* _What is expected_:
An exact copy of the lines from the top of the data through the line with "Bottles with ribbon" is what you should give, with no pictures in it.

* _Available data_:
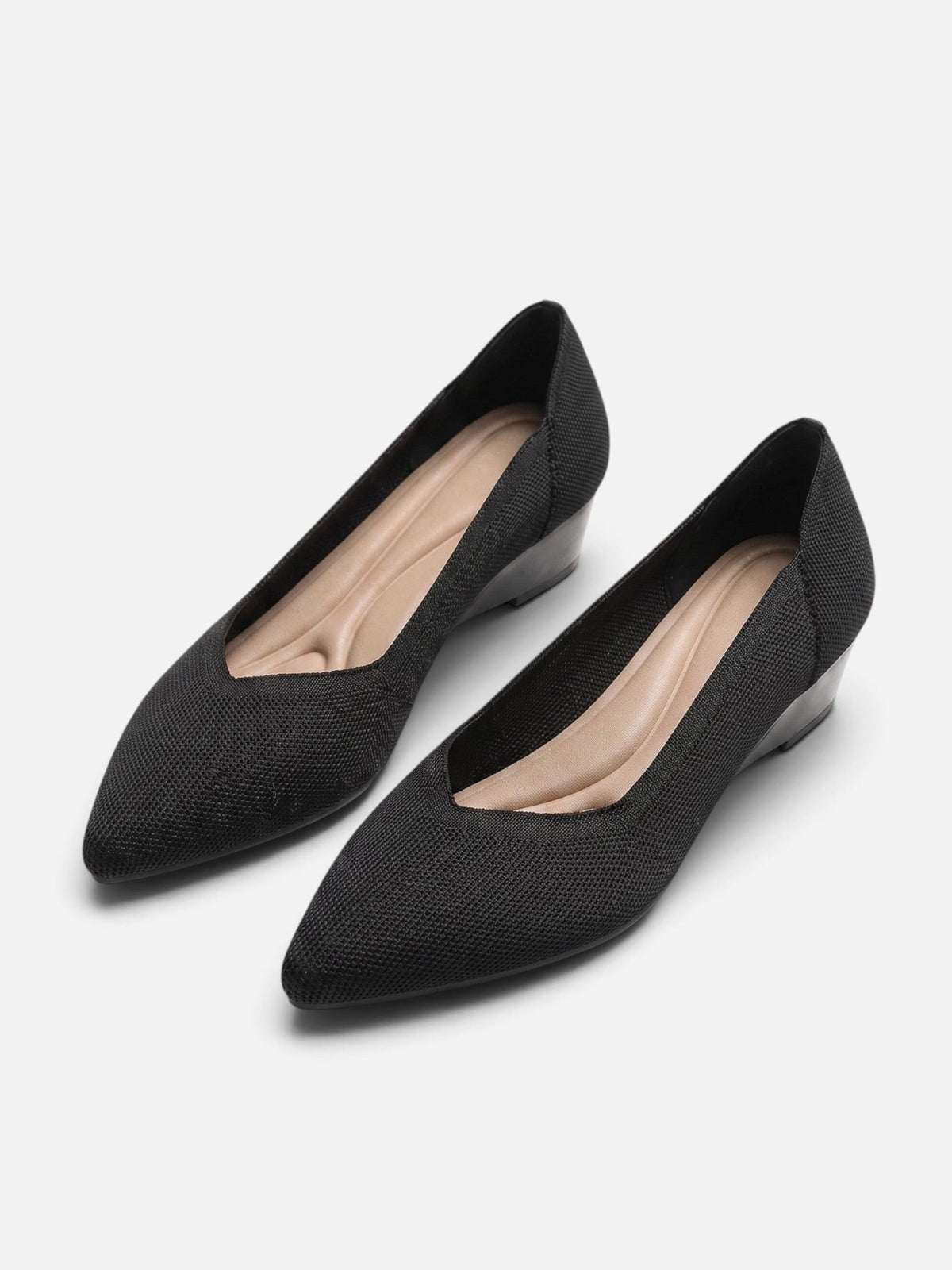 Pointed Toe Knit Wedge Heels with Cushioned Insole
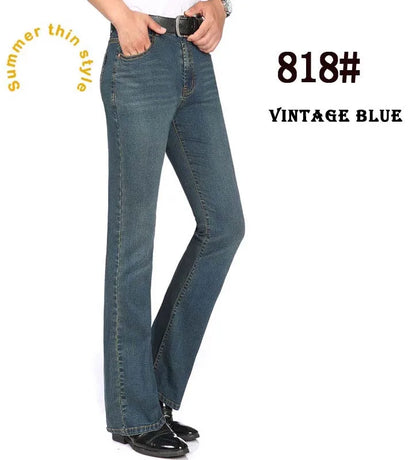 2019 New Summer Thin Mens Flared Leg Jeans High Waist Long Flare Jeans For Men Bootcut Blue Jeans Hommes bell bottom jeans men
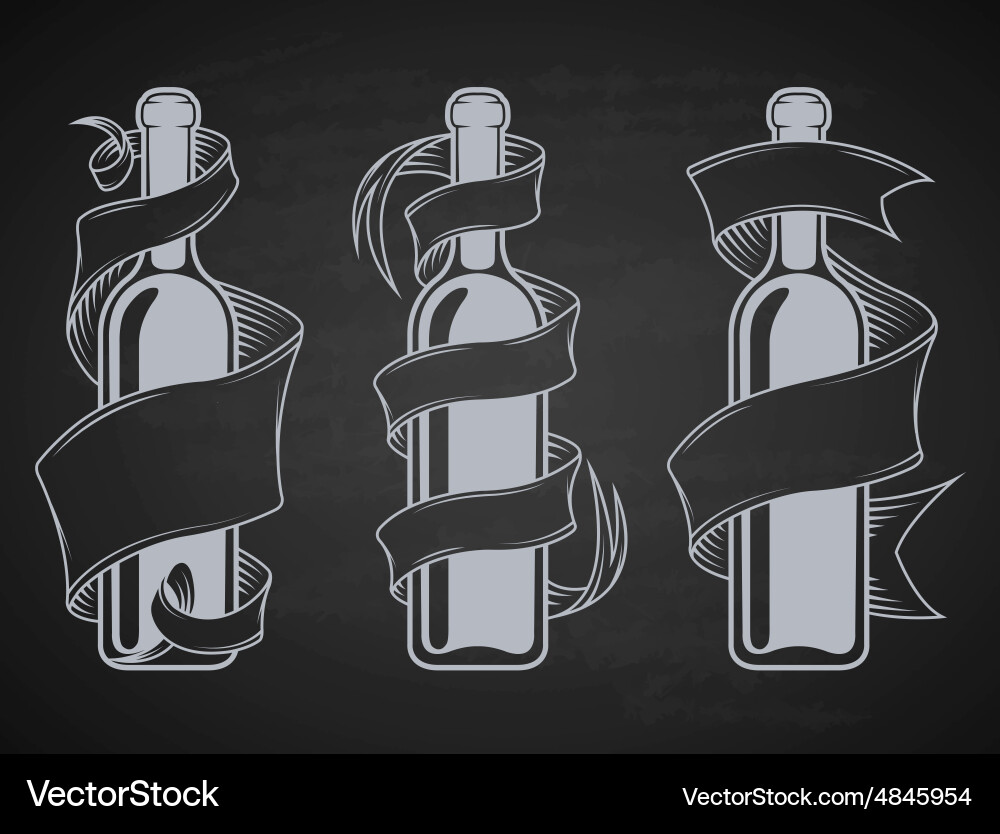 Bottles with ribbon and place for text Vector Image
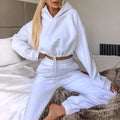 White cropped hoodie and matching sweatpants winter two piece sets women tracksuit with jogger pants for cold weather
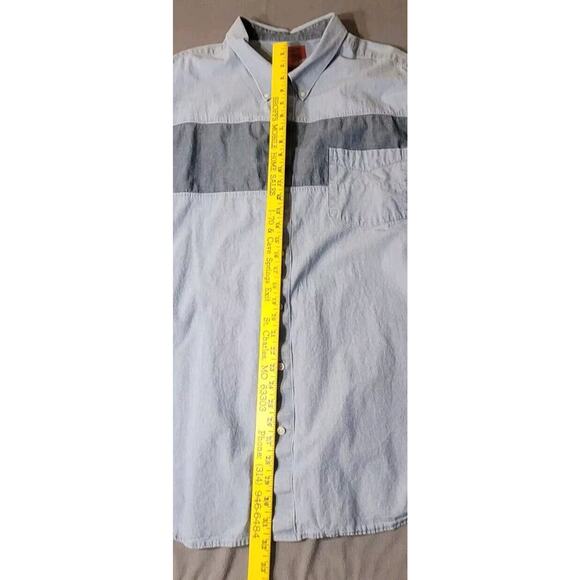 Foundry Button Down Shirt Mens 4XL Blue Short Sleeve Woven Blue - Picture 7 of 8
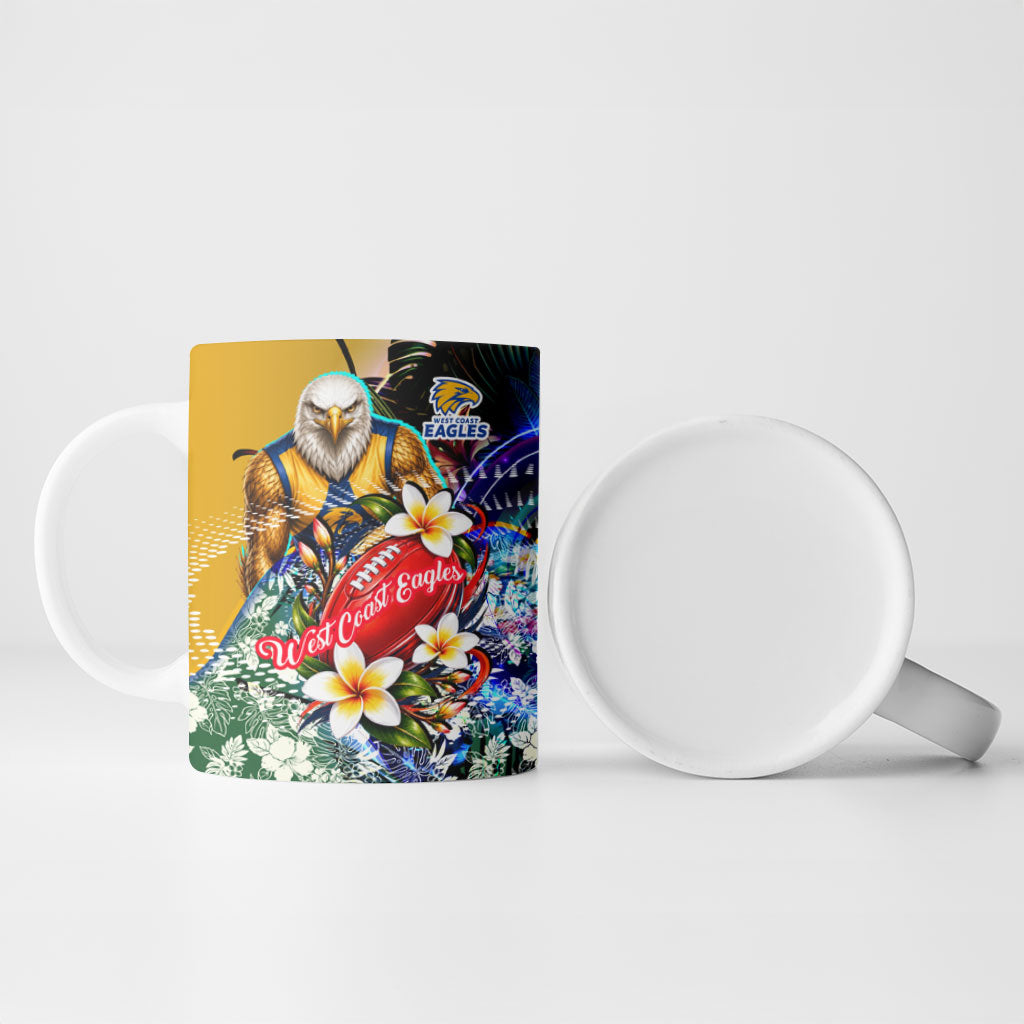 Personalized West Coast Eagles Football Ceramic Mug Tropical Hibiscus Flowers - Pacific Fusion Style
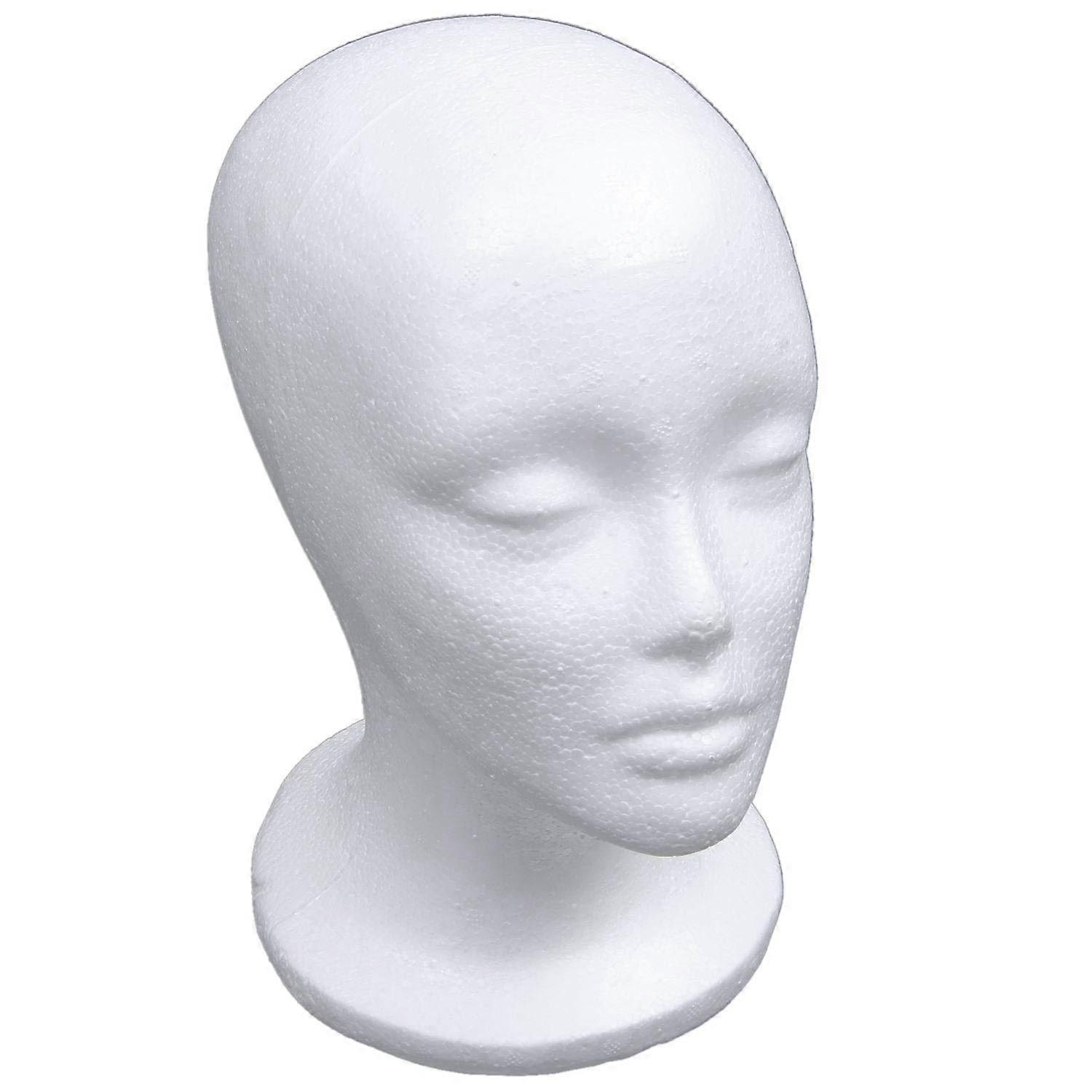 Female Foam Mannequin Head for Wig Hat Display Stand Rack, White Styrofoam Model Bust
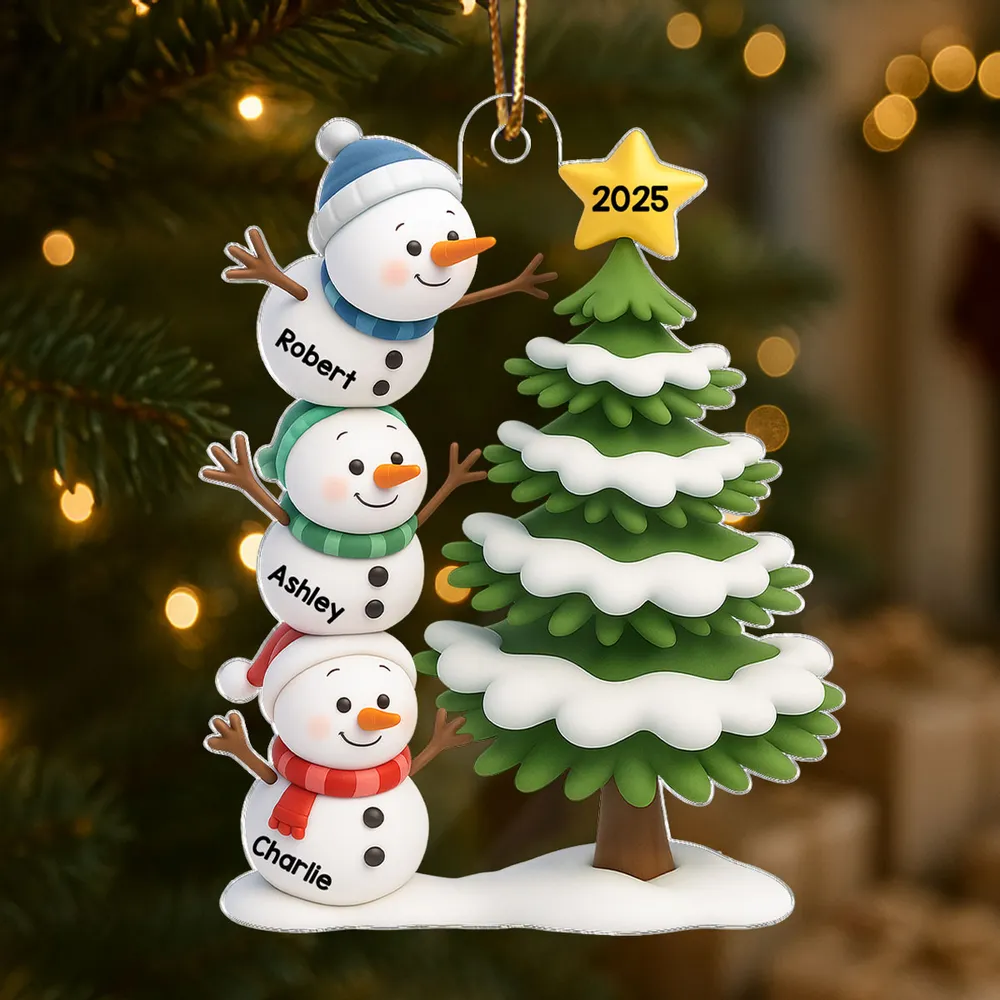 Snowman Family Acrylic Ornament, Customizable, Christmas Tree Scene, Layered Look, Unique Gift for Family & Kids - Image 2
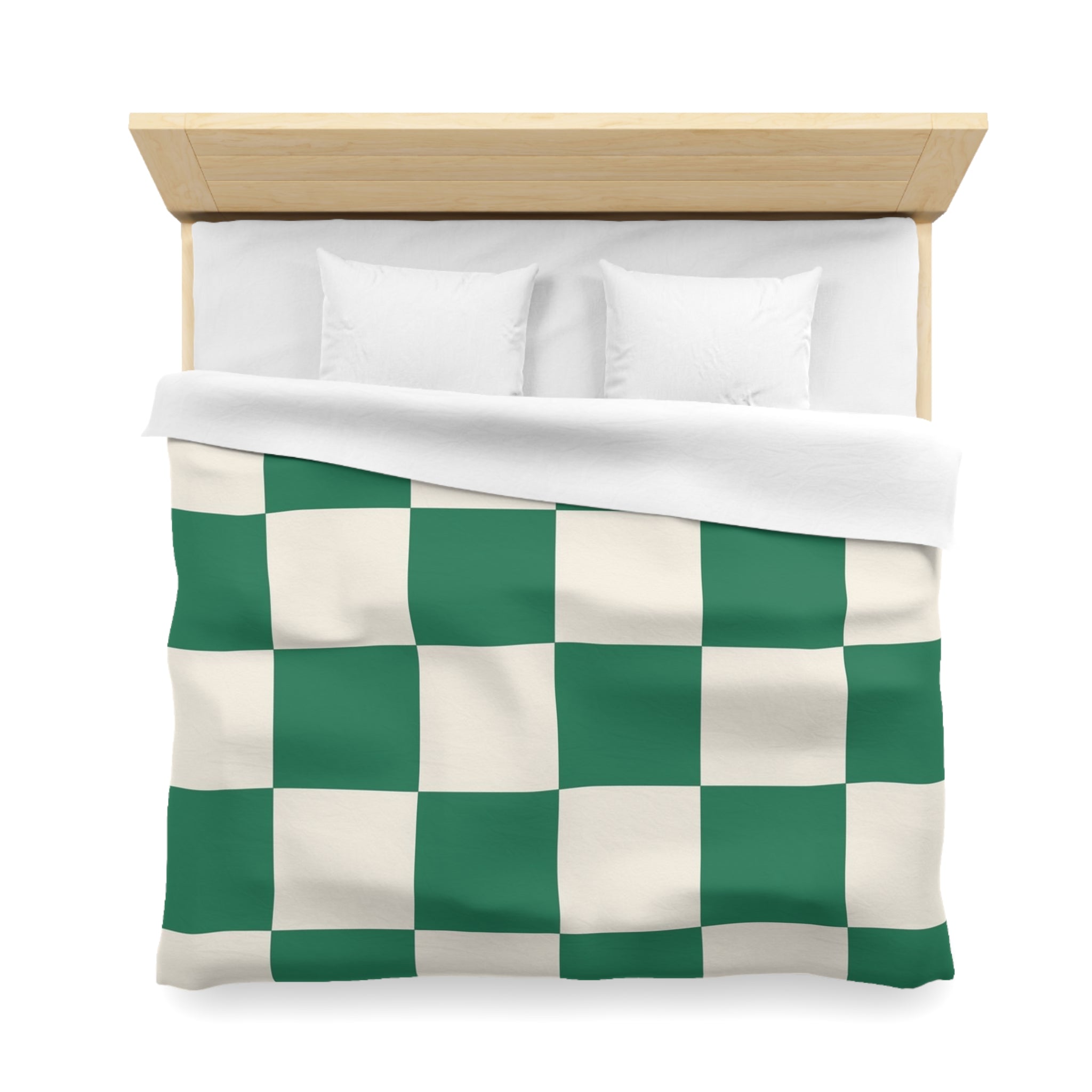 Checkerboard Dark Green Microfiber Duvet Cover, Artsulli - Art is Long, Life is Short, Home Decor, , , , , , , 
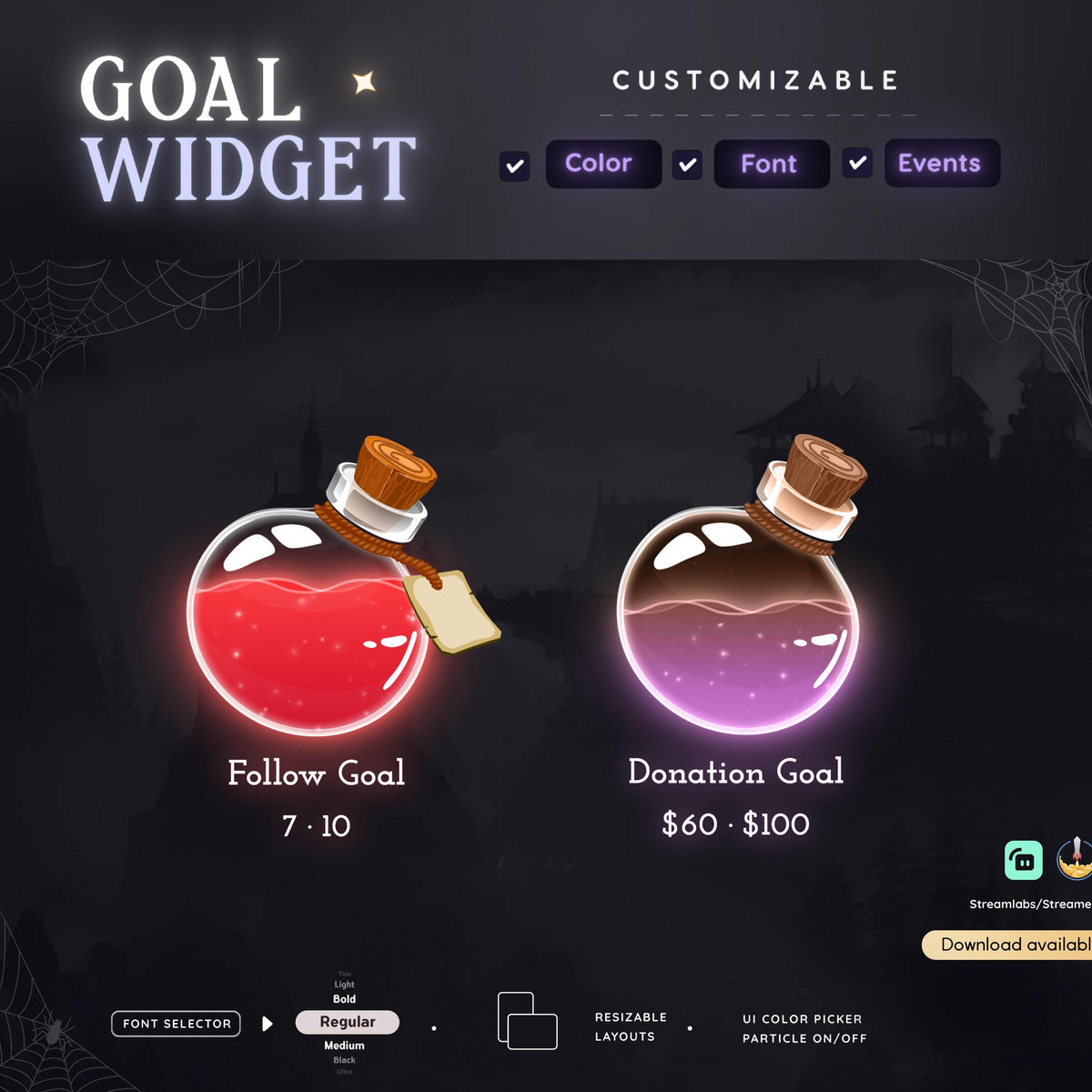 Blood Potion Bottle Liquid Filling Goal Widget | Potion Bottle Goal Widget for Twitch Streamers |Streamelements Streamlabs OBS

* _Exercise answer_:
 Pointed Toe Knit Wedge Heels with Cushioned Insole
 2019 New Summer Thin Mens Flared Leg Jeans High Waist Long Flare Jeans For Men Bootcut Blue Jeans Hommes bell bottom jeans men
 Bottles with ribbon and place for text Vector Image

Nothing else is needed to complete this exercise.